But I digress….My awakening to how stupid I was being came one day in London while watching De-Lovely with my friend Matthew in one of the Odeon Cinemas. The movie was going really well and I was thoroughly enjoying it and then it happened: Nearing the end of the movie, they snuck in Natalie Cole singing “Every time We Say Goodbye”. At what was supposed to be a poignant and heartfelt moment in the movie, I let out a loud “Steups” and said “this is when they bring the black woman in?” Matthew was not pleased at all and afterwards made me realise that instead of enjoying the movie for what it was, I turned it into something about race, instead of what it was meant to be; a moment to have allergies at up.

I wouldn’t say that from that moment on, I was cured of my affliction, but over time I realised that if I made an effort to see someone’s work on the screen (be it Josh Whedon, M. Night Shama-lama-ding-dong, Adam Sandler or gulp Tyler Perry) I deserved to let them tell their story the way they wanted it told. After all it is THEIR story. Afterwards, I would make my usual comments about poor script or plot development or bad acting but I would never bring race into the issue, unless it was blatant like what George Lucas did in the Star Wars Prequels. Then again all those Prequels were bad on so many levels, you realise that all the money he had could not save a big budget disappointment.

Now I can expound on the virtues of loving yourself and understanding your place in the universe or ensuring that people create positive images for young children to look up to but that is not my place.

My place is as a viewer. To drink the “kool aid’ on screen and if it doesn’t agree with me, then so be it!

As I look over World War Z in my mind, for what it was it still isn’t a bad movie. I may not have agreed with some choices made by the director but the movie was entertaining. I loved that they chose to make the zombies fast paced and manic. It set my heart racing and well, my bladder could not hold the 32 oz drink for the entire movie, since my stomach contracted way too many times during certain scenes. I would definitely watch it again.

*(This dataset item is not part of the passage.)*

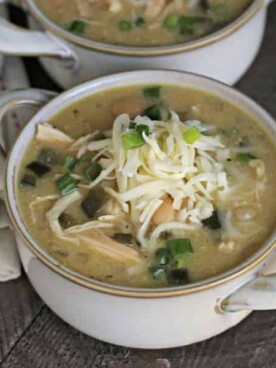 bowl of white chicken chili with cheese on top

While Keron sought to highlight every bad decision people made in the movie using black characters, he somehow failed to see the bad other races (Well only Caucasians as he put it) did or even asked himself if he would have made a similar choice if he was in that particular situation.

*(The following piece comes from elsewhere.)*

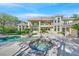 Expansive backyard with a pool, spa, mature trees, and a luxurious home, creating an ideal space for recreation at 1809 White Hawk Ct, Las Vegas, NV 89134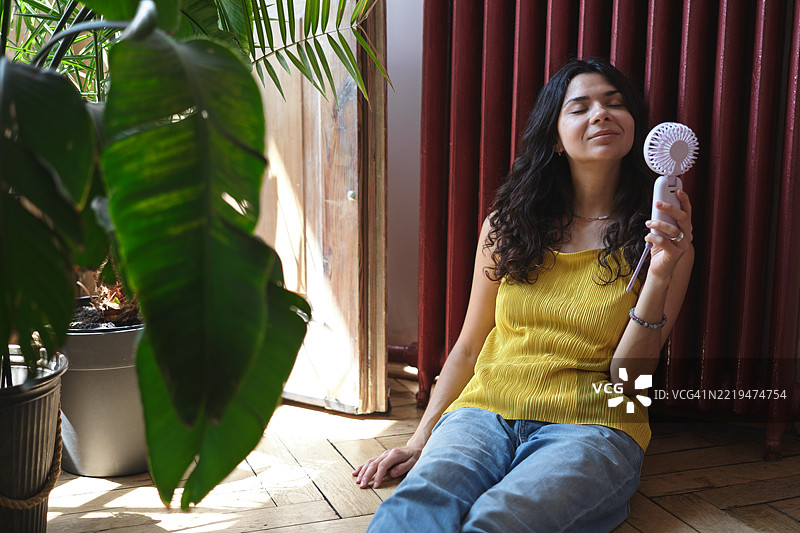 夏季炎热，生活在没有空调的环境中。年轻女性在家窗边坐着，使用便携式电动迷你风扇对着脸，享受炎热天气中的清新空气，降温。图片素材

SPOILER ALERT: I too would’ve made the same choice the Deputy Secretary General of the UN made once I thought Brad Pitt’s character was dead. Why was I keeping them on the ship taking up space? He transported them to a secure facility in Canada and not back to a zombie infested city!

So what if the black police officer decided to get some groceries too in the midst of chaos, is his family supposed to go hungry while the entire world goes crazy? At least he didn’t try to kill anyone like the Caucasian man was doing to Brad Pitt’s wife. Steups, why am I justifying a zombie movie!!

It irks me when people get all black conscious in a movie when those same people would sit through a stinking Tyler Perry movie that does nothing to uplift the image of black people beyond the stereotypes of being people who pray a lot after cussing out everyone for the first half of the movie (Sorry that’s called redemption). Every so-called heroine in a Tyler Perry movie needs a man to save her! Why is that? I just don’t get it!

At some point we need to get over ourselves. If we are not the agent for change in our lives then don’t expect others to do it for us!. If you cannot handle or like the way black characters are handled in movies then DON’T WATCH THEM!!! It is always going to upset you.

I am not saying to be totally blind but at some point your decisions have to be either to avoid these things that offend you or DO something about it or just grin and bear it.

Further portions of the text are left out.